The numeric average of the 12 monthly interest rates for 2021 was 1.396 percent. The annual effective interest rate (the average rate of return on all investments over a one-year period) for the OASI and DI Trust Funds, combined, was 2.455 percent in 2021. This higher effective rate resulted because the funds hold special-issue bonds acquired in past years when interest rates were higher.
What happens to the taxes that go into the trust funds?
Tax income is deposited on a daily basis and is invested in "special-issue" securities. The cash exchanged for the securities goes into the general fund of the Treasury and is indistinguishable from other cash in the general fund.
If all the income is invested, how do benefits get paid each month?
Money to cover program cost (mainly benefit payments) from the trust funds comes from the redemption or sale of securities held by the trust funds. When "special-issue" securities are redeemed, interest is paid. In fact, the principal amount of special issues redeemed, plus the corresponding interest, is just enough to cover the required cost.
What were the amounts of securities bought and sold during recent years?
The amount bought in 2021 was $1,250 billion, while the amount sold was $1,282 billion. See investment transactions for more detail and earlier years.
Why do some people describe the "special issue" securities held by the trust funds as worthless IOUs? What is SSA's reaction to this criticism?
Money flowing into the trust funds is invested in U. S. Government securities. Because the government spends this borrowed cash, some people see the trust fund asset reserves as an accumulation of securities that the government will be unable to make good on in the future. Without legislation to restore long-range solvency of the trust funds, redemption of long-term securities prior to maturity would be necessary.
Far from being "worthless IOUs," the investments held by the trust funds are backed by the full faith and credit of the U. S. Government. The government has always repaid Social Security, with interest. The special-issue securities are, therefore, just as safe as U.S. Savings Bonds or other financial instruments of the Federal government.
Many options are being considered to restore long-range trust fund solvency. These options are being considered now, well in advance of the year the trust fund reserves are likely to be depleted. It is thus likely that legislation will be enacted to restore long-term solvency, making it unlikely that the trust funds' securities will need to be redeemed on a large scale prior to maturity.
Can the Social Security Trust Funds remain solvent without making changes to the program?
In the annual Trustees Report, projections are made under three alternative sets of economic, demographic, and programmatic assumptions. Under one of these sets (labeled "Low Cost") the trust funds remain solvent for the next 75 years. Under the other two sets (the "Intermediate" and "High Cost"), the trust fund reserves become depleted within the next 20 years. The intermediate assumptions reflect the Trustees' best estimate of future experience.
Some benefits could be paid even if the trust fund reserves are depleted. For example, under the intermediate assumptions, annual income to the trust funds is projected to equal about seventy-nine percent of program cost once the trust fund reserves become depleted.
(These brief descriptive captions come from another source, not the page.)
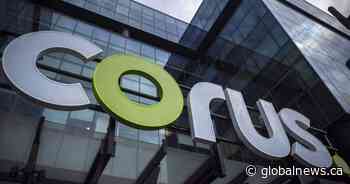 Corus to centralize Calgary, Edmonton news production, some jobs cut 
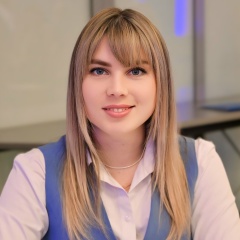 Яна Гурина, 10.08.1991, Сызрань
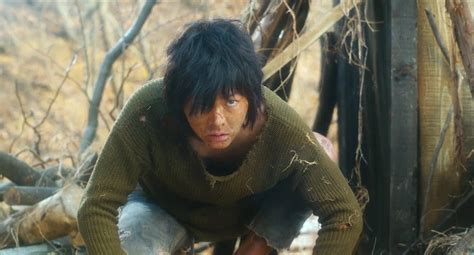 Wolf Boy Korean Movie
If no legislation has been enacted to restore long-term solvency by that time, about three-quarters of scheduled benefits could be paid in each year thereafter.
The Trustees believe that extensive public discussion and analysis of the long-range financing problems of the Social Security program are essential in developing broad support for changes to restore the long-range balance of the program.
Were the asset reserves of the Social Security Trust Funds depleted in the past?
The reserves of the larger trust fund (OASI), from which retirement benefits are paid, were nearly depleted in 1982. No beneficiary was shortchanged because the Congress enacted temporary emergency legislation that permitted borrowing from other Federal trust funds and then later enacted legislation to strengthen OASI Trust Fund financing. The borrowed amounts were repaid with interest within 4 years.